Much later in the early 1980s Asimov published a sequel, Foundation’s Edge, which did so well for the publisher that Asimov was cajoled into writing still more, which he did by writing several prequels and trying (not very successfully, in my opinion) to tie in his Robot Series with his Foundation Series.
Anyway for me Asimov’s Foundation Series is basically The Foundation Trilogy (which I have now read, by my recent estimate, at least eight times) and maybe Foundation’s Edge.
View fullsize

Astounding Science Fiction for August 1944 featuring The Big and the Little, the third published Foundation story
Now I have no idea what the producers and writers of the forthcoming Foundation series have in mind, but with Robyn Asimov (Isaac’s daughter) signed on as an executive producer I have high hopes that whatever they do they will at least be faithful to the spirit of Asimov’s work.
Recall that the original stories were written in the 40s, before there were computers, so even though the series takes place tens of thousands of years in the future, there are no computers in the stories. When the characters need to perform complex calculations to navigate their spaceships from one star system to another, they do so manually with the assistance of calculators, a process that can take days. When they want to purchase tickets for an interstellar trip, they insert cash into a vending machine and receive change, credit cards not having been invented yet, let alone hand held devices like iPhones. You get the idea. The technology in the stories is seriously out of date. So whatever the showrunners do, they’re going to have to make a lot of changes.
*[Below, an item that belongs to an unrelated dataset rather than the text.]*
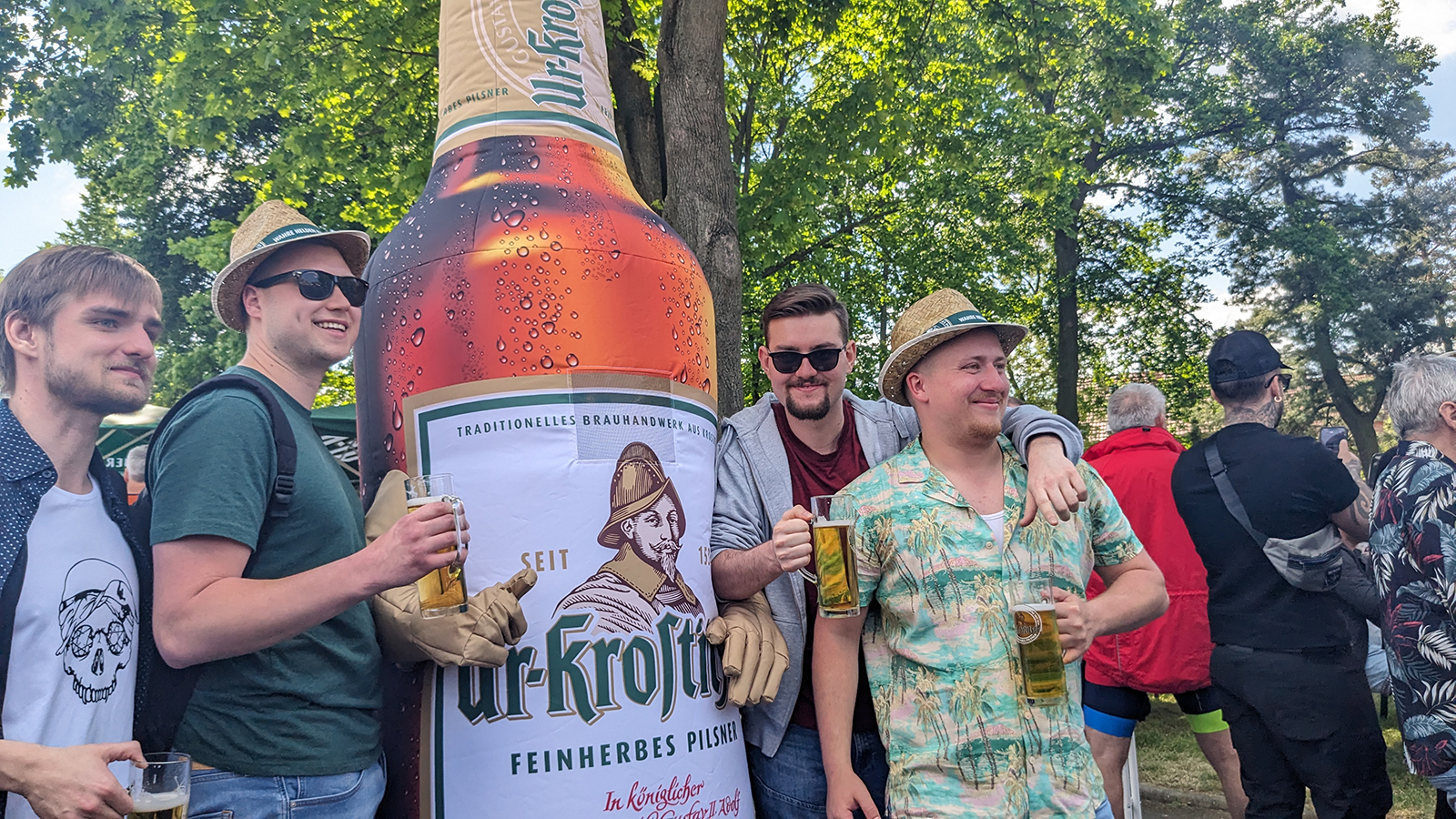 Vier Männer stehen lächelnd vor einer großen Bierflaschenattrappe im Park.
Not only will they have to decide whether to dramatize all the stories in the series or just the Trilogy, but another challenge will be the vast timescale and changing casts of characters. The stories of the Trilogy alone take place over a nearly 400 year period, and most of the stories feature completely different sets of characters.
Back in the 70s, the BBC did an eight part radio serial based on the Trilogy and they kept it very true to the stories. That worked well for radio, but I’m not sure it would work for today’s TV audience.
Anyway, here’s what I would do. The final story introduces Arkady Darell, the fourteen year old daughter of Dr. Toran Darell; the Darells, father and daughter, are actually descendants of the leading characters of a previous story. When we meet Arkady, she is writing a paper for school which goes on to recap the events of the preceding stories for those coming in late.
So my proposal is to make Arkady and her father the main characters of the series and greatly expand their story, during the course of which she would be researching the history of the Foundation and the role that her ancestors played in it. So the preceding stories could be told as flashbacks, with Arkady acting as narrator and interjecting some sharp commentary from time to time.
I would stick primarily to the Trilogy, in that I would end the series where the Trilogy ends, but I might incorporate some material from the prequels (it’s been awhile since I read them and I have little memory of them).
So that’s my framing device for the series. Of course, that still leaves a lot of work to be done.